*Exercise description*: Copy each of the following entries back without change.

[Web page caption snippets]
= = = = =

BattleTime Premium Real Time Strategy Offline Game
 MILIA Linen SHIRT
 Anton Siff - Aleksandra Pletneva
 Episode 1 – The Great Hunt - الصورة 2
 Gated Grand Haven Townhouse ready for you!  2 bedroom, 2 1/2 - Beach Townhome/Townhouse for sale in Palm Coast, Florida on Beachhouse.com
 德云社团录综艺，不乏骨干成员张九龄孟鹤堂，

= = = = =

*Problem solution*:
BattleTime Premium Real Time Strategy Offline Game
 MILIA Linen SHIRT
 Anton Siff - Aleksandra Pletneva
 Episode 1 – The Great Hunt - الصورة 2
 Gated Grand Haven Townhouse ready for you!  2 bedroom, 2 1/2 - Beach Townhome/Townhouse for sale in Palm Coast, Florida on Beachhouse.com
 德云社团录综艺，不乏骨干成员张九龄孟鹤堂，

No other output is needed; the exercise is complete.